これらを筆頭に、様々なレベルの会議が存在する。
さらにこの国には情報処理学会や電子情報通信学会など、国内学会というものも存在する。
これらの国内学会こそがまさにこの国に巣食う膿なのだが、それについては後日述べる。

トップ会議に採択される研究のすべてがよい研究というわけではないが、よい研究はトップ会議に採択されるものである。つまり、トップ学会で研究を発表することはよい研究の最低条件である。
その上で、研究成果が後の優れた研究の基礎となったり、あるいは研究成果の実用化 (商用システムでの利用、広く普及しているオープンソースプロジェクトへの貢献)、標準化への貢献 (IETF等) などにより、学術的な面以外でも大きな貢献を果たすのがよい研究である。

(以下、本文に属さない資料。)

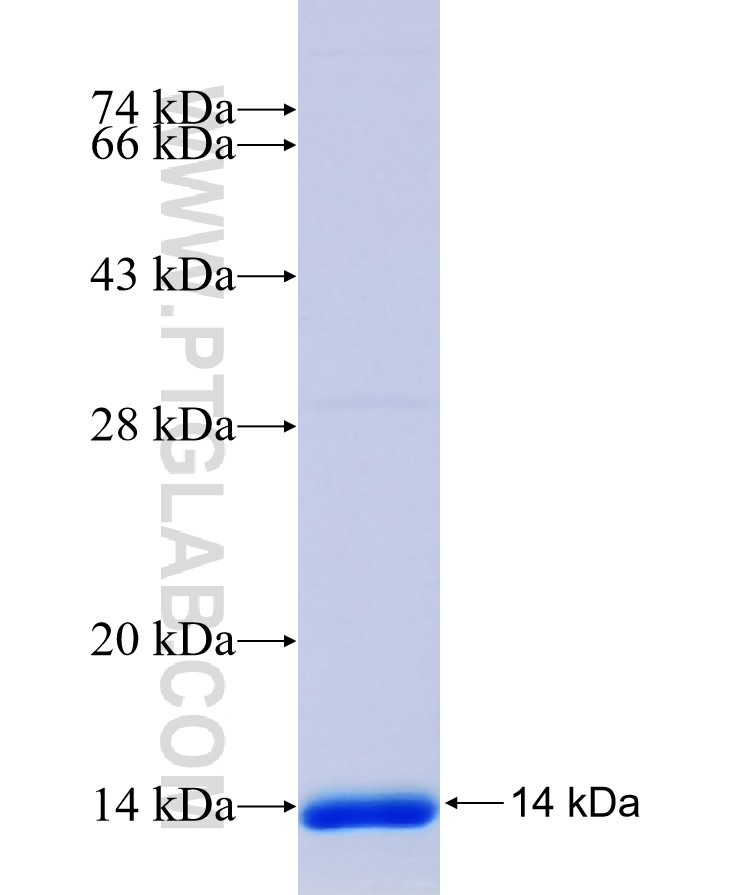 OSR2 fusion protein Ag14276 SDS-PAGE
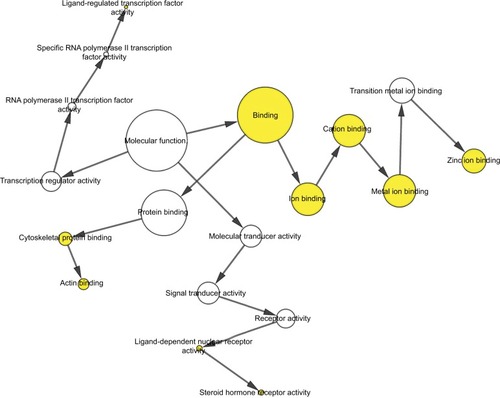 Figure 9 The MF network showed as an interaction network using the Cytoscape plug-in BiNGO.Notes: Color depth represented the degree of enrichment of GO terms. The significance of enrichment is represented by yellow color (P<0.05).Abbreviations: GO, gene ontology; MF, molecular function.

例えば、2003年に SIGCOMM にて発表された delay-tolerant network という新たなネットワークアーキテクチャの論文は、それに続く多くの研究を誘発したすばらしい研究の例である。
また、1999 年に USENIX にて発表された UVM という新たな仮想メモリの論文は、実際に NetBSD というオペレーティングシステムに採用されているすばらしい研究の例である。
この場合で重要なのが、「学術面の貢献に加え」、社会/実世界で貢献、ということである。もちろん社会/実世界における貢献はすばらしいが、学術的にも大きな貢献がなければよい研究ではなく社会活動である。

* 会議のプロシーディングに加え、ジャーナル論文というのが存在し、これは学会の定期刊行物のようなもので、会議における発表はない。多くの研究分野ではこのジャーナルがプロシーディングより高く評価されるらしいが、コンピュータサイエンスの一部 の分野(システム系、コンピュータグラフィックス系、ヒューマンコンピュータインタラクション系等) では、比較的新しく進化が早い分野なせいか、世に出るまでの時間が長いジャーナル論文は、最近は扱いが低い傾向にある (世の中へのインパクトという意味で。大学の人事へのインパクトではない。これについては後日述べる)。システム系の研究分野でトップクラスの成果をあげているあるロンドン大学の先生は、"Nobody reads journal in computer science" と言っており実際ほとんどジャーナル論文は書いていない。